Re: porting linux 2.6.27 to embedded powerpc board
From: Grant Likely <hidden>
Date: 2008-08-21 14:52:36
Also in:
linux-devicetree
On Thu, Aug 21, 2008 at 3:43 AM, David Jander [off-list ref] wrote:
On Thursday 21 August 2008 01:24:46 Laxmikant Rashinkar wrote:quoted
Hi, I have an embedded PowerPC (MPC8347) board that works fine with uboot and Linux 2.6.15. I am trying to upgrade the kernel so that it runs on the latest release - Linux 2.6.27. So far, I have gotten the kernel to compile on my platform, but of course it does not boot.Well, honestly I don't know where to look for information either (other than the source-code and examples from others), but here is a list with points to look out for (I have just done the same thing as you for a MPC5200B-based board): 1. Upgrade to latest u-boot first (recent git seems to be fine). There have been a lot of changes in u-boot lately about OF and device-tree related things. I suspect you need a fairly recent version of u-boot to go well with the latest kernel. It's also generally a good idea IMHO.

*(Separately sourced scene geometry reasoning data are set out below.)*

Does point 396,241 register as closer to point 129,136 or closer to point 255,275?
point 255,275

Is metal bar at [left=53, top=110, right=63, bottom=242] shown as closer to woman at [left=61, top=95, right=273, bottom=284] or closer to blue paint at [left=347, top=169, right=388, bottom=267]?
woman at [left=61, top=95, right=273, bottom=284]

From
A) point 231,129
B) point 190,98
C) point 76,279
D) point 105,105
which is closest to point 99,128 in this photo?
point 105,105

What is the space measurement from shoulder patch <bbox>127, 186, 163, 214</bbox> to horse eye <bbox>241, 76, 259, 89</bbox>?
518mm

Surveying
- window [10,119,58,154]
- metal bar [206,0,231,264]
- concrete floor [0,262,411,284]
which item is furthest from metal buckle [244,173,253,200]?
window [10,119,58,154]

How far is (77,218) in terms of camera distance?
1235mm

You don't *have* to do this though. There is a target called 'cuImage.<myboard>' which will embed the device tree blob in the kernel image and is backwards compatible with older u-boot versions. See arch/powerpc/boot/Makefile and arch/powerpc/boot/wrapper to see how this is generated. There is a new document that might help in Documentation/powerpc/bootwrapper.txt
2. I assume you are porting to arch/powerpc (the old arch/ppc you used back in 2.6.15 is obsolete and broken now).
Not just broken; completely removed! :-)
3. Look at other platforms that use the same processor, and pick a simple one as starting point. Look out for the dts (device-tree-source file in arch/powerpc/boot/dts), copy and modify one to reflect your hardware. Recently a lot of changes happend in the kernel, changing device names, obsoleting "device-type" tags, etc..., so some of the current DTS sources included in the kernel might not even work (wrong device name, missing information, wrong use of "device-type", etc...), so watch out for these kind of issues too.

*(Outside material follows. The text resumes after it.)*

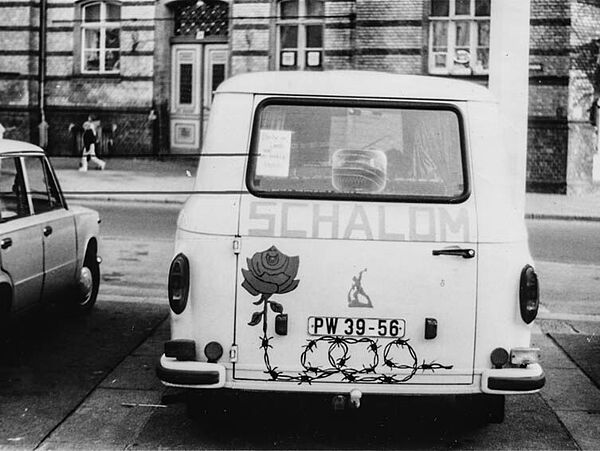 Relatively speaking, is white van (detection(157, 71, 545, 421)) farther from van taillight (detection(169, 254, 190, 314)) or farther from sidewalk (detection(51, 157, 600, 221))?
sidewalk (detection(51, 157, 600, 221))

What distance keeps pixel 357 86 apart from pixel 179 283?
144 centimetres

The goal is *not* to break existing device trees because we do not know what has been deployed already and it some cases it is not feasible to update the device tree on a device. So, even though conventions have been refined and changed, backwards compatibility with older trees is supposed to be preserved. 3b. Once you've written your device tree, post it to the devicetree-discuss@ozlabs.org mailing list and ask for review.

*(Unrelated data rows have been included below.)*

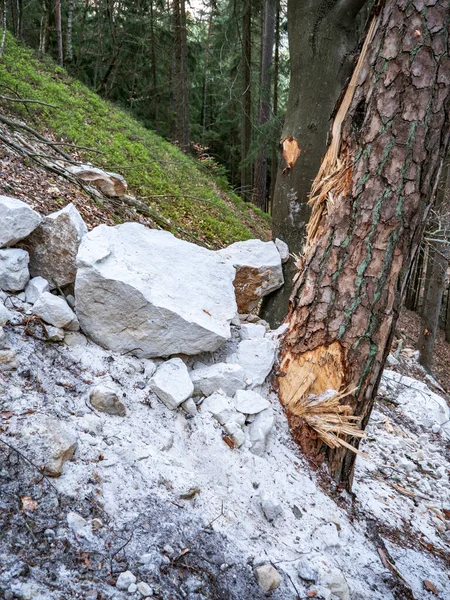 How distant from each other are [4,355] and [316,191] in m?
1.94

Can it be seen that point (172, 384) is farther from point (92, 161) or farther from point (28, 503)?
point (92, 161)

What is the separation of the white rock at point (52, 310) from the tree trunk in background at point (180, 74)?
13.0m

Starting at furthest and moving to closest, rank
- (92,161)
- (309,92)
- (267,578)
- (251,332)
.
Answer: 1. (92,161)
2. (309,92)
3. (251,332)
4. (267,578)

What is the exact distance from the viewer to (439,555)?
2.14 m

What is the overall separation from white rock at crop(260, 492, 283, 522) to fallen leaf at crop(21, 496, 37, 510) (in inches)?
38.1

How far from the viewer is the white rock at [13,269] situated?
6.97 ft

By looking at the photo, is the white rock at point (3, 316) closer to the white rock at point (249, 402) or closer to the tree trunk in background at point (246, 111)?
the white rock at point (249, 402)

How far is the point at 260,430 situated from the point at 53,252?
152 cm

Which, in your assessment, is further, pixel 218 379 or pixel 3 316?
pixel 218 379

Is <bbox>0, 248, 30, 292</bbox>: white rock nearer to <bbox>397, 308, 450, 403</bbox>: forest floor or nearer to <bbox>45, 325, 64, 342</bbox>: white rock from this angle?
<bbox>45, 325, 64, 342</bbox>: white rock

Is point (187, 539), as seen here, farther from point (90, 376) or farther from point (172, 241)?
point (172, 241)

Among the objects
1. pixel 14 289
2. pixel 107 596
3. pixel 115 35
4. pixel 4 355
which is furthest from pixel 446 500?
pixel 115 35

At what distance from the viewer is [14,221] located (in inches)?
84.4

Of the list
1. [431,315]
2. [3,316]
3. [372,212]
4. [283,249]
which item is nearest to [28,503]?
[3,316] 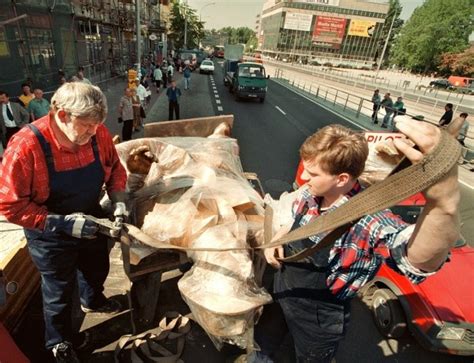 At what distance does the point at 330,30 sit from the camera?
3578 inches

4. Be sure that the device(s) necessary to produce output on your console are correctly placed in the DT. Also make sure that u-boot knows about it (#define OF_STDOUT_PATH... in your u-boot board config file) 5. When compiling the device tree, it may be necessary to add some extra reserved entries to the compiled tree (I am using dtc -p 10240 -R 20, which might be slightly exaggerated), because u-boot may add something to it, and if it can't, linux won't boot. 6. Remember to always specify the "rootfstype=" option on the commandline if booting from anything other than NFS. This was not necessary back in the 2.6.15-times AFAICR. 7. Boot with a device-tree (in u-boot: "bootm $addrofkernel - $addrofdtb", don't forget the dash if you are not using an initrd). If you don't do this, u-boot can't fix your DT, and the kernel probably won't find it either. 8. Be sure to use the correct version of the DTC (DT compiler) for your kernel (the sources are included nowadays, somewhere in arch/powerpc/boot IIRC). The command used to compile, should probably be something like this: $ ./dtc -p 10240 -R 20 -I dts -o myplatform.dtb -O dtb -b 0 dts/myplatform.dts
There is a makefile target now to help you with this and pass the right options for reserving entries: $ make myplatform.dtb The dtb image will appear in arch/powerpc/boot
Load the resulting .dtb file directly with u-boot (don't make an u-image out of it). That's all I remember right now... hope it helps. Regards, -- David Jander _______________________________________________ Linuxppc-embedded mailing list Linuxppc-embedded@ozlabs.org https://ozlabs.org/mailman/listinfo/linuxppc-embedded
-- Grant Likely, B.Sc., P.Eng. Secret Lab Technologies Ltd.